What to produce: Where a picture appears, skip it and copy everything else in the listing exactly.

Recorded data:
%%
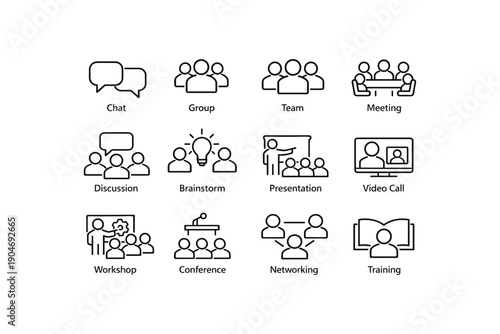Set of business communication and collaboration icons for digital platforms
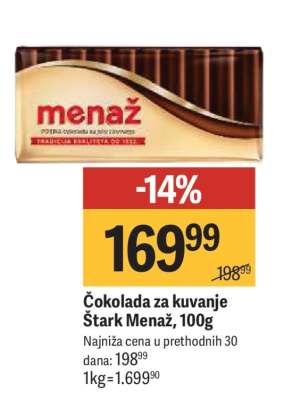 Čokolada za kuvanje Štark Menaž 100g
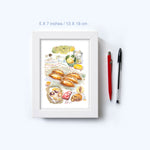 Watercolor Cornish pasty recipe print displayed in a 5×7 frame to show scale.
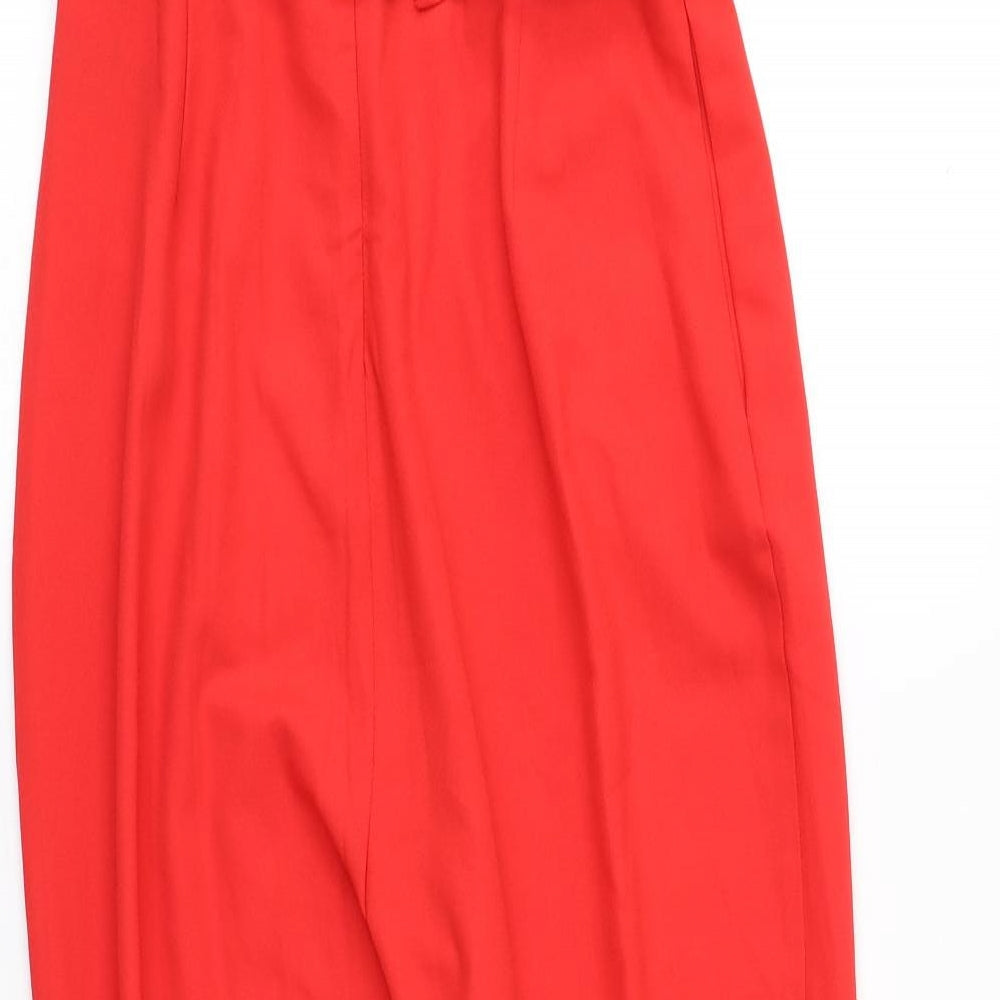 Brand and care label for Very women’s red polyester jumpsuit outfit/set, size UK 8, 25-inch leg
%%
Reply to the task:
Set of business communication and collaboration icons for digital platforms
 Čokolada za kuvanje Štark Menaž 100g
 Watercolor Cornish pasty recipe print displayed in a 5×7 frame to show scale.
 Brand and care label for Very women’s red polyester jumpsuit outfit/set, size UK 8, 25-inch leg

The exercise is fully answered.